Stadio Olimpico, Minggu malam (14/5) atau Senin dinihari WIB, berpeluang jadi momen gelar juara Serie-A Italia keenam secara beruntun untuk Juventus. Bakal jauh lebih manis dirasakan mengingat laga berlangsung di kandang pesaing terdekatnya, AS Roma.
Dari berbagai skenario yang akan terjadi, sorotan tersendiri tertuju pada central defender Juventus, Medhi Benatia. Sempat jadi pelapis, dirinya belakangan mulai dipercaya tampil dari menit pertama oleh pelatih Massimiliano Allegri. Melihat tren ini, bukan tidak mungkin Benatia bakal kembali ke Olimpico, tapi dengan rekan setim yang berbeda, dan mungkin Scudetto di akhir laga.
Seakan menambah tensi, Juventus baru saja mengumumkan pembelian Benatia secara permanen dari Bayern Muenchen setelah tampil memuaskan dalam sesi peminjaman per awal musim ini. Pemain berusia 30 tahun itu direkrut dengan nilai sekitar 17 juta euro dan diikat hingga 2020 mendatang.

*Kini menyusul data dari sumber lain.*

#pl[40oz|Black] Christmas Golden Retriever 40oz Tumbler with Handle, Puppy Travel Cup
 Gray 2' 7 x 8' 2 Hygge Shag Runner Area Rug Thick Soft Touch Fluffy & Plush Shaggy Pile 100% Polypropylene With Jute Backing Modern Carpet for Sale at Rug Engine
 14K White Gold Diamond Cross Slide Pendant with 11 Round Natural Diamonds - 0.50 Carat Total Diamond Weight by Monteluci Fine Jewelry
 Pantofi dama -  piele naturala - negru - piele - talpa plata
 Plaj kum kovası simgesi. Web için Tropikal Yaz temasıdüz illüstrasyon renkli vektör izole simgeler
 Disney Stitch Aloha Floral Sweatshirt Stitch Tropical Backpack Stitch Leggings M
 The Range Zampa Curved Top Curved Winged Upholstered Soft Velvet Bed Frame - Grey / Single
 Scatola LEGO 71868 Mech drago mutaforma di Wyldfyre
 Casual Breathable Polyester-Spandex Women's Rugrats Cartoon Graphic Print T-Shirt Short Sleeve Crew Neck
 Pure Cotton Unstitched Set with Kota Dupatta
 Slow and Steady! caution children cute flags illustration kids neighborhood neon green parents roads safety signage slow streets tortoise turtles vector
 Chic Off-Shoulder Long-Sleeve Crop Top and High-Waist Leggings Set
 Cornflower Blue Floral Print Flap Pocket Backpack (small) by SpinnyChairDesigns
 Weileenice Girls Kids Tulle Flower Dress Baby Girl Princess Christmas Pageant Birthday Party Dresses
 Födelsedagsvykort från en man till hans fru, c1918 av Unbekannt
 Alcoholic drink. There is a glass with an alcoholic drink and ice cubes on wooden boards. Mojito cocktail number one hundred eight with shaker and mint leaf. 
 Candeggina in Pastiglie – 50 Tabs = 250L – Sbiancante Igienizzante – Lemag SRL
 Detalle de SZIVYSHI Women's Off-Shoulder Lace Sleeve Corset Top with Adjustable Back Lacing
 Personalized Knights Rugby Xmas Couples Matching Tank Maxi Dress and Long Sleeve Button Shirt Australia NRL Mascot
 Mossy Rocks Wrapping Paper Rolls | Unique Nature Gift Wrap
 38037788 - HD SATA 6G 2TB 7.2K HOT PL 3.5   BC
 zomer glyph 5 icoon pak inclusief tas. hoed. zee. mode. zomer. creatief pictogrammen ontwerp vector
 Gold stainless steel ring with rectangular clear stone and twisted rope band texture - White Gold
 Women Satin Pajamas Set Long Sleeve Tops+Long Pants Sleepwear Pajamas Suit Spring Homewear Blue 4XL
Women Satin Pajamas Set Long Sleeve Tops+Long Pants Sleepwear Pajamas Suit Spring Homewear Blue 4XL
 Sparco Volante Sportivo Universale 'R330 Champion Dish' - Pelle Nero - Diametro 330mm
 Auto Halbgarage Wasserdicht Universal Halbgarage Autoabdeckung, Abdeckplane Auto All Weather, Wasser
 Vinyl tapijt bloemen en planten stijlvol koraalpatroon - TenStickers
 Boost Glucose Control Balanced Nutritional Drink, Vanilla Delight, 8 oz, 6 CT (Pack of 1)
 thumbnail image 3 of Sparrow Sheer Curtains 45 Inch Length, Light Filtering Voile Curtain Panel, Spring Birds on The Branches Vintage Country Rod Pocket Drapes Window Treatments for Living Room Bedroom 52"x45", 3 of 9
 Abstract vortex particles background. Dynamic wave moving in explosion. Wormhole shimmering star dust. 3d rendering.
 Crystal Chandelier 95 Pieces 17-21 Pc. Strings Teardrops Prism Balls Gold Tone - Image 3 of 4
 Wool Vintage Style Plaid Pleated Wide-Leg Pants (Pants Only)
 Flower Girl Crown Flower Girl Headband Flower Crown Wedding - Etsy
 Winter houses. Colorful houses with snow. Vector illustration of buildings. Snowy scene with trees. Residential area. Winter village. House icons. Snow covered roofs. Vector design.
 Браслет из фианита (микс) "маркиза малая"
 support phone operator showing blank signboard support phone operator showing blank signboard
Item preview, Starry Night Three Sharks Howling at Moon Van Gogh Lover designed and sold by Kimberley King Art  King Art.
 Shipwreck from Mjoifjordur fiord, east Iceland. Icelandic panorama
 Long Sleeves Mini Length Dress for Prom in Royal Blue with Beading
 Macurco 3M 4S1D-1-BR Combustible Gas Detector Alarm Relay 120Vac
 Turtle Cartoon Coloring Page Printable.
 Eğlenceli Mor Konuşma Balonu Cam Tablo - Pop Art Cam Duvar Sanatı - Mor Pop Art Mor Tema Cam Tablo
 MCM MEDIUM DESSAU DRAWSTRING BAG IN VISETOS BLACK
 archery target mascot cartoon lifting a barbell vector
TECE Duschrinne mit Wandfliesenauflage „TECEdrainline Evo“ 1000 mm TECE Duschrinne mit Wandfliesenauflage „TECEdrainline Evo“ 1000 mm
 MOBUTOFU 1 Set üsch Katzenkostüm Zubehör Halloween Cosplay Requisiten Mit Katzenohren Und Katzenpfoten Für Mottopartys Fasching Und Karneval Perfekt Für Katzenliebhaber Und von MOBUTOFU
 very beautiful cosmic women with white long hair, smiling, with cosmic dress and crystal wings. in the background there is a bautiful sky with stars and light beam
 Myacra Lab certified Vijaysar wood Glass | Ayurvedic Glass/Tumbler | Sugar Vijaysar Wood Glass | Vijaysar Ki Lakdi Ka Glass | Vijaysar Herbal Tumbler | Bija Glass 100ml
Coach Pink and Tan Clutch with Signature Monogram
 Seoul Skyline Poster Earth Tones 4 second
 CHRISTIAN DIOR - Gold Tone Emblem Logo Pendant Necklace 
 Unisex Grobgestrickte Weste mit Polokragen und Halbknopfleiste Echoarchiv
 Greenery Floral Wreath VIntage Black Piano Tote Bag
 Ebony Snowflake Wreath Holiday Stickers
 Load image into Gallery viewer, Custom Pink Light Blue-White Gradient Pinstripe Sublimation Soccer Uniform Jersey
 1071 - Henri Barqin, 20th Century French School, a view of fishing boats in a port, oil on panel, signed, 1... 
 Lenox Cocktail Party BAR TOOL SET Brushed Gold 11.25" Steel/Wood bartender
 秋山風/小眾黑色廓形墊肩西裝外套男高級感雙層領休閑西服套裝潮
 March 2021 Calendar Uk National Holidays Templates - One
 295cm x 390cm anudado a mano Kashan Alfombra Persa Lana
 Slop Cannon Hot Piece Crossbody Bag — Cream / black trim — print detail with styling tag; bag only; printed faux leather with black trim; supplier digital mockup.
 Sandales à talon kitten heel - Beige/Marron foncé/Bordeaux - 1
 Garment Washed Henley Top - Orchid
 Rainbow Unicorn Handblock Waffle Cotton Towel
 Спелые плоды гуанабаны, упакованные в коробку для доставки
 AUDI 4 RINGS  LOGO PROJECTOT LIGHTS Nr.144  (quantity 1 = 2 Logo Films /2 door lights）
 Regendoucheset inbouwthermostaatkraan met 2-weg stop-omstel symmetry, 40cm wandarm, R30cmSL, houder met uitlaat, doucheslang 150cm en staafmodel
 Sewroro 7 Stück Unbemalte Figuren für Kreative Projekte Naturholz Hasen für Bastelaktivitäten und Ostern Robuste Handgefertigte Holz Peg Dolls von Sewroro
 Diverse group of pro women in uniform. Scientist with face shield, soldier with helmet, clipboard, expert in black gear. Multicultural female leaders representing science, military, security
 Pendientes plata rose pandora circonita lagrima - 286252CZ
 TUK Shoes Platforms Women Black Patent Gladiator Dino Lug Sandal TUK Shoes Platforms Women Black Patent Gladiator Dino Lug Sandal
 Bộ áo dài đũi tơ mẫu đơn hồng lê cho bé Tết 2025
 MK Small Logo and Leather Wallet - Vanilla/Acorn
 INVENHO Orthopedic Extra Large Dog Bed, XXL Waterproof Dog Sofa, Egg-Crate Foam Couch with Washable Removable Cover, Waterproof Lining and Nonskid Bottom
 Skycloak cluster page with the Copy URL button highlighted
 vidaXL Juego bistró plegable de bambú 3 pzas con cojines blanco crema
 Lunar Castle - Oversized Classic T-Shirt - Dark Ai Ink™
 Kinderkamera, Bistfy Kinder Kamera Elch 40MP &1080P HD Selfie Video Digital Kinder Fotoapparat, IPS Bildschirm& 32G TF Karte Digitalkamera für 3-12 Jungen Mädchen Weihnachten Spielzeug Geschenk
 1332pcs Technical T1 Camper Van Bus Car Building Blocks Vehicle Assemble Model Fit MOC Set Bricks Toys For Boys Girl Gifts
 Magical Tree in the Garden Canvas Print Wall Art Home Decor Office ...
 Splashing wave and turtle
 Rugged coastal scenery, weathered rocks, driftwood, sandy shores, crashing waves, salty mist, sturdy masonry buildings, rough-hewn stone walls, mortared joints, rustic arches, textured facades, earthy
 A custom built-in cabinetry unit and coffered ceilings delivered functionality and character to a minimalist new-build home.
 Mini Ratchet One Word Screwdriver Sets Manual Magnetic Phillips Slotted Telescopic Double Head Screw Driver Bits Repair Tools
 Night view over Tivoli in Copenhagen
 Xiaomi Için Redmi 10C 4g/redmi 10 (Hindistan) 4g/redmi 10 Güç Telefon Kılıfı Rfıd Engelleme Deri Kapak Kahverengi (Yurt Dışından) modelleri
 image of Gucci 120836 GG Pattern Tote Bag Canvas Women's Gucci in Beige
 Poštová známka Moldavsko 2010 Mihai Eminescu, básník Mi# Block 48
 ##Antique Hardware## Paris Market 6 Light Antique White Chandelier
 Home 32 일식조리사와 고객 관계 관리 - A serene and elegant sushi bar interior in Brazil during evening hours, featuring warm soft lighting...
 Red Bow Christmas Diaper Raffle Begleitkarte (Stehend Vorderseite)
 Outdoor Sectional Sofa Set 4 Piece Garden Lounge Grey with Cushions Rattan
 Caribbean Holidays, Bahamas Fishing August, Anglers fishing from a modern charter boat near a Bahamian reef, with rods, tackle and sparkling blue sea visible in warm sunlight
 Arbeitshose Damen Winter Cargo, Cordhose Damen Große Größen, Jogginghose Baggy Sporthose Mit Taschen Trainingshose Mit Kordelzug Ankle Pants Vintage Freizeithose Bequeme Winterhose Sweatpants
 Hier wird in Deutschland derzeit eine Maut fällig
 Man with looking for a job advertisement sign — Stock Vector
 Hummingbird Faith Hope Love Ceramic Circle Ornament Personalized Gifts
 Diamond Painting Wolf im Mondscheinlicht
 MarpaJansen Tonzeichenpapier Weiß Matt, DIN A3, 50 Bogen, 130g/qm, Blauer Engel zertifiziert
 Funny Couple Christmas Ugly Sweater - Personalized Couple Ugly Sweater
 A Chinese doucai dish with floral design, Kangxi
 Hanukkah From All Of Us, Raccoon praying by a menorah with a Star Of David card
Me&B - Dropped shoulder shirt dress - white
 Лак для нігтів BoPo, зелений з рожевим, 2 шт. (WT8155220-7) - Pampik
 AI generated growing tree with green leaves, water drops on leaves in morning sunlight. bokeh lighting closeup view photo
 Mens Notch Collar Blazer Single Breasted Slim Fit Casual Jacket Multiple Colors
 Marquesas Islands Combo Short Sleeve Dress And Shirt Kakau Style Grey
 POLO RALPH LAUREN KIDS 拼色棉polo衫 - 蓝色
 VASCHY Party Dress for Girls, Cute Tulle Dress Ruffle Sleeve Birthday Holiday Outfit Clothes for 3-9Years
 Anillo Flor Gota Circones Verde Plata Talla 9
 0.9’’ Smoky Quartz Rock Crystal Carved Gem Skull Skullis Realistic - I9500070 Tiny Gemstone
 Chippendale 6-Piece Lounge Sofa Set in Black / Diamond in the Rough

Sejenak kembali ke penghujung musim 2013/2014 lalu, dua bulan jadi waktu yang diperlukan manajemen Roma untuk menentukan sikapnya pada Benatia. Sejatinya pemain asal Maroko itu baru saja jadi idola baru suporter I Giallorossi setelah penampilan apik pada musim debutnya di Olimpico. Kala itu Benatia dan kawan-kawan sukses finis di peringkat kedua klasemen.
Jelang akhir musim, Benatia berulang kali menyatakan sikapnya untuk bertahan meski mengklaim digoda klub raksasa mulai dari Barcelona, Real Madrid, dan Bayern Muenchen. Namun apa lacur, nama terakhir tiba-tiba mengumumkan perekrutan Benatia. Apa yang terjadi selanjutnya sungguh jadi polemik manajemen Roma.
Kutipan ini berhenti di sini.